Another Mahindra subsidiary, Mahindra Engineering Services, handles some outsourced International Truck engineering work, but Younessi said that is separate from the two joint ventures. International Truck employed the equivalent of 210 to 220 engineers and designers in India as of two weeks ago, he said.
Outsourced assignments take longer to complete because of the distance, and the finished work often is of poor quality, the union’s Coil said. If Fort Wayne workers find problems in a finished assignment, they must send it back to India to be fixed. Considering the trip from Fort Wayne to India takes about 24 hours, he said it can take five days for an assignment to be completed and returned to Fort Wayne.
Fort Wayne union leaders say local engineers wind up taking responsibility for teaching Indian contract workers about American quality standards. Fort Wayne workers are blamed if they miss a deadline because outsourced work had to be redone several times, said Dan VanDame, of UAW Local 2911’s bargaining committee.
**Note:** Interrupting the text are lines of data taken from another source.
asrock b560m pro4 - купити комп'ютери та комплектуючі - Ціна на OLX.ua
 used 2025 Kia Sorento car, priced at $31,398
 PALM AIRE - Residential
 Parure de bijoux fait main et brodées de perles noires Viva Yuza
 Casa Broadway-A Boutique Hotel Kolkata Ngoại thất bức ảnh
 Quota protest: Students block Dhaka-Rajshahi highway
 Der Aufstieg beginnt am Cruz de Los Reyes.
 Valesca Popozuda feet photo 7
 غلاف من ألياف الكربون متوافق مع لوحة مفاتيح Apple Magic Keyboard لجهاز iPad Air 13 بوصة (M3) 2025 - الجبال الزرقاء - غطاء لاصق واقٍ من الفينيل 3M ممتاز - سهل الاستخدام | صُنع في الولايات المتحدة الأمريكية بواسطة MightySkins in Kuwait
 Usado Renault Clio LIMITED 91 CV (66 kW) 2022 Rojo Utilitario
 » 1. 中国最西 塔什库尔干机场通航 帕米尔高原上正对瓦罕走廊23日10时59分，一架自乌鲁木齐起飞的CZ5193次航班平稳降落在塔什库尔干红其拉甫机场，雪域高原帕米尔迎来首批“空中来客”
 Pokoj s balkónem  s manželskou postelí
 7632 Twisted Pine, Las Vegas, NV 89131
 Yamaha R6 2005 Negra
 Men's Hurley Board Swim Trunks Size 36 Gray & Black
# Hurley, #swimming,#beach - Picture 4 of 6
International Truck’s workload varies, depending on its current projects. Sometimes short-term work swamps the Fort Wayne staff, Younessi said. The company hires outside firms to complete some assignments rather than hiring and later laying off local engineers.
“To avoid hiring and layoffs and that kind of instability, you outsource it,” he said, “and so we outsource it to Mahindra Engineering Services.”
Companies can save money by outsourcing work to countries where engineers earn less. Mahindra’s entry-level engineers typically earn $12,000 to $13,000 a year, Goenka said. Their salaries can double to $25,000 within five or six years.
Navistar does not release wage information. International Truck’s local union members earn a median wage of $57,915 a year, Coil said.
Mahindra International actually supports jobs in Fort Wayne, Goenka said. The Indian workers rely on a Fort Wayne support staff of 10 to 12 engineers, he said. Three more International Truck employees are working at the joint venture plants in Pune, east of Mumbai.
The joint venture won’t be the only one vying for a share of the Indian truck market, which grew 30 percent to 40 percent in 2006. Although Indian truck sales fell last year, Goenka said the earlier growth caught the attention of international truck manufacturers.
Columbus-based Cummins Inc. is producing medium- and heavy-duty truck engines for India’s leading truck producer, Tata Motors. Daimler Trucks formed a joint venture with another Indian company, Hero Group, last year. Volvo has a truck plant in southern India.
“So it’s going to become quite crowded,” Goenka said.
But Mahindra International is confident its medium- and heavy-duty trucks will gain traction in the marketplace, Goenka said. Its factory will initially produce 50,000 of these trucks a year. That production level would give Mahindra International a 15 percent share of the Indian market, he said. The company already produces 20,000 light-duty trucks a year.
Mahindra and Navistar officials declined to release details about the medium- and heavy-duty trucks, including the price, because of competitive concerns. Mahindra International’s existing light-duty trucks cost $12,000 to $13,000 each, Goenka said.
The truck line could be marketed in Africa, Eastern Europe and the Mideast as well as India, Goenka said.
“We’re trying to use the high-end knowledge of Fort Wayne and the low costs of India to create value for both companies,” he said.